> [Exercise directions] Reproduce the lines below from the one that contains "MONSTER CABLE 1M" through the end, inclusive, and add nothing.

Collection entries
——

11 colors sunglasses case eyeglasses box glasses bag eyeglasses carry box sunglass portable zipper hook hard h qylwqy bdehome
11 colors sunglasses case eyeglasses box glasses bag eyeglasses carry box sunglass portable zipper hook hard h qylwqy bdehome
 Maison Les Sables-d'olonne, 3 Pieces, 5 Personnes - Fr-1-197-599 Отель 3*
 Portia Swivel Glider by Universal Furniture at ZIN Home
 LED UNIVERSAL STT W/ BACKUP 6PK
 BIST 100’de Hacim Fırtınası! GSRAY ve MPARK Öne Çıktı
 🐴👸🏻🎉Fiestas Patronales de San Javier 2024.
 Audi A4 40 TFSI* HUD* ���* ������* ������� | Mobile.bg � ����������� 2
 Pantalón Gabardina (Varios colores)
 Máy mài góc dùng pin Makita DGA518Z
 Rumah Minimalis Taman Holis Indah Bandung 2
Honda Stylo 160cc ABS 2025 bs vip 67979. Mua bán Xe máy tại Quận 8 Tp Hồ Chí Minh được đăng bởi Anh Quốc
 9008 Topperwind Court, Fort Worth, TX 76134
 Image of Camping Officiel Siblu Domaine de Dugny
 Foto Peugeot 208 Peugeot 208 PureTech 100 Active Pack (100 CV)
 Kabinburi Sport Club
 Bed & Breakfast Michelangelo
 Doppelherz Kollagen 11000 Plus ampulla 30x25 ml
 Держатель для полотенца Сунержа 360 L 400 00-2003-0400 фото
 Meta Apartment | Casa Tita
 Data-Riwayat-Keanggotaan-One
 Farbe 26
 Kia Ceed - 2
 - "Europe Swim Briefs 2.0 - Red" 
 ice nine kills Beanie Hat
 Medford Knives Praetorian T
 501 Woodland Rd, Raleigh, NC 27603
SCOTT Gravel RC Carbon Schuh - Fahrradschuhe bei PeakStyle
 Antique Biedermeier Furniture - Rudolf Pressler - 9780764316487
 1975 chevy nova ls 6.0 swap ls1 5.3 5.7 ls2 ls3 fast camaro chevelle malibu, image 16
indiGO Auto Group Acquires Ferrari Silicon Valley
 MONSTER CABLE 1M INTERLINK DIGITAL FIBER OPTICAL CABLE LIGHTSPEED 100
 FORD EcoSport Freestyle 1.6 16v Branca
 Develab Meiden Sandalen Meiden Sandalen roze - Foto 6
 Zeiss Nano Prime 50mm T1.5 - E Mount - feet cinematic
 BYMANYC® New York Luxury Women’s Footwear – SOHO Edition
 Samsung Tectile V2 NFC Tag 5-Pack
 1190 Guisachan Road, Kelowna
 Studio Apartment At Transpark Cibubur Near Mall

——

> [Reply to the task]
 MONSTER CABLE 1M INTERLINK DIGITAL FIBER OPTICAL CABLE LIGHTSPEED 100
 FORD EcoSport Freestyle 1.6 16v Branca
 Develab Meiden Sandalen Meiden Sandalen roze - Foto 6
 Zeiss Nano Prime 50mm T1.5 - E Mount - feet cinematic
 BYMANYC® New York Luxury Women’s Footwear – SOHO Edition
 Samsung Tectile V2 NFC Tag 5-Pack
 1190 Guisachan Road, Kelowna
 Studio Apartment At Transpark Cibubur Near Mall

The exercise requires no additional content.